_Problem_
From the line containing "Gallery Direct Wycombe" to the line containing "Lobenhausen Körle Bild- Das" in the entries below, reproduce every line exactly, ends included. Nothing else belongs in the copy, and no pictures.

_Information given_

+++++

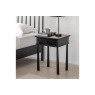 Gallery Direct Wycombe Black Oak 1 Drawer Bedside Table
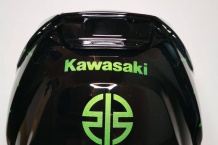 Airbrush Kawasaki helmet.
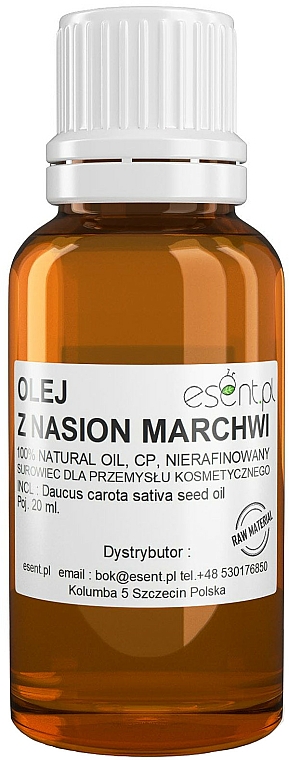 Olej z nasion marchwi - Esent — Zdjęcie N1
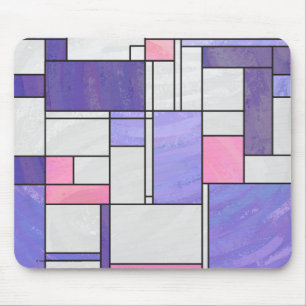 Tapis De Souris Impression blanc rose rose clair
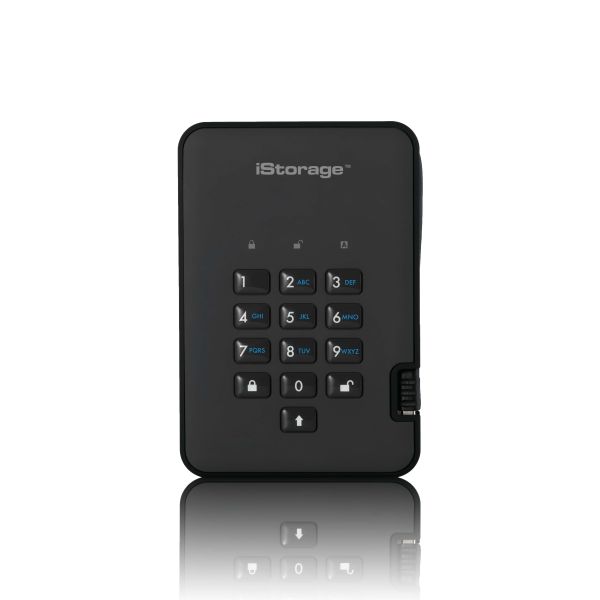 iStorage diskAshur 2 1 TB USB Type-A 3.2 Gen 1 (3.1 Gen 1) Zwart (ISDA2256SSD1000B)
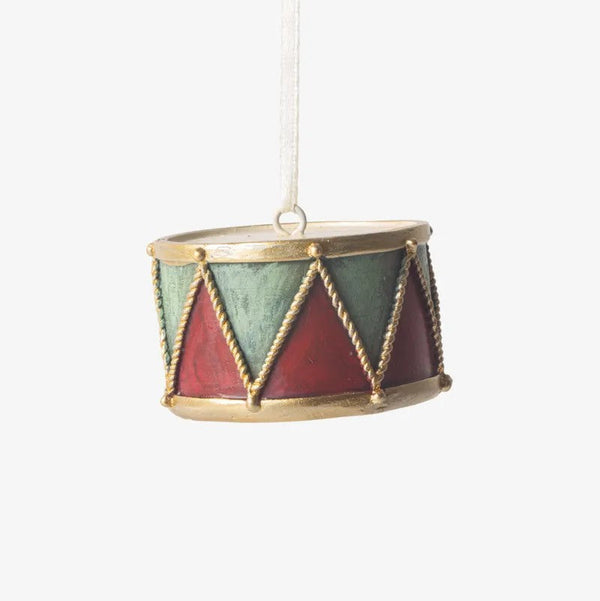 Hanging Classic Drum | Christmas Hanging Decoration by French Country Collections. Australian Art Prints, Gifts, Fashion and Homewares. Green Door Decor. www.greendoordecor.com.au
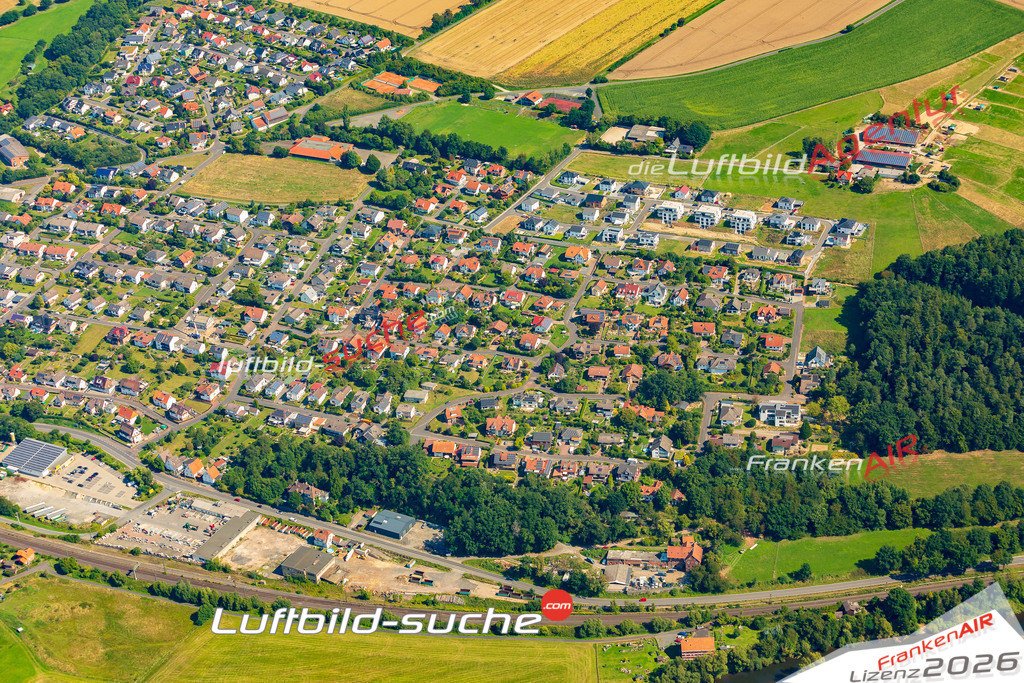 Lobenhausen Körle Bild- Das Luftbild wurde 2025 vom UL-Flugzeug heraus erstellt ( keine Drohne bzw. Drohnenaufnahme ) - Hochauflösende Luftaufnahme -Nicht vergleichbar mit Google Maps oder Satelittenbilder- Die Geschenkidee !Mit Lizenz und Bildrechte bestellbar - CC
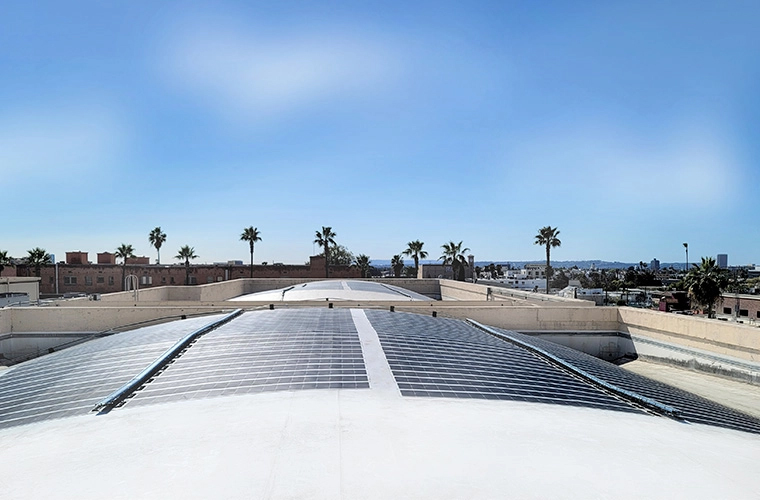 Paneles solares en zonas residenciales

+++++

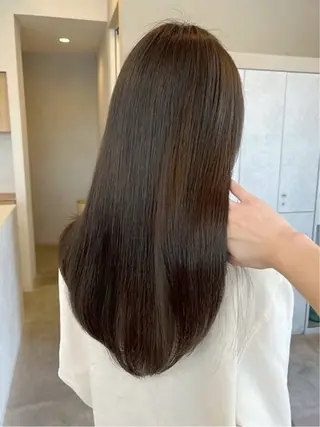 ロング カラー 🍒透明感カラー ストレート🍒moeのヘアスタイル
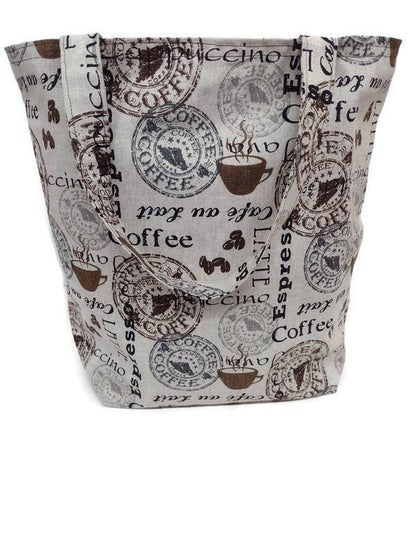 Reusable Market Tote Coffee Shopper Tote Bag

+++++

_Written solution_
 Gallery Direct Wycombe Black Oak 1 Drawer Bedside Table
 Airbrush Kawasaki helmet.
 Olej z nasion marchwi - Esent — Zdjęcie N1
 Tapis De Souris Impression blanc rose rose clair
 iStorage diskAshur 2 1 TB USB Type-A 3.2 Gen 1 (3.1 Gen 1) Zwart (ISDA2256SSD1000B)
 Hanging Classic Drum | Christmas Hanging Decoration by French Country Collections. Australian Art Prints, Gifts, Fashion and Homewares. Green Door Decor. www.greendoordecor.com.au
 Lobenhausen Körle Bild- Das Luftbild wurde 2025 vom UL-Flugzeug heraus erstellt ( keine Drohne bzw. Drohnenaufnahme ) - Hochauflösende Luftaufnahme -Nicht vergleichbar mit Google Maps oder Satelittenbilder- Die Geschenkidee !Mit Lizenz und Bildrechte bestellbar - CC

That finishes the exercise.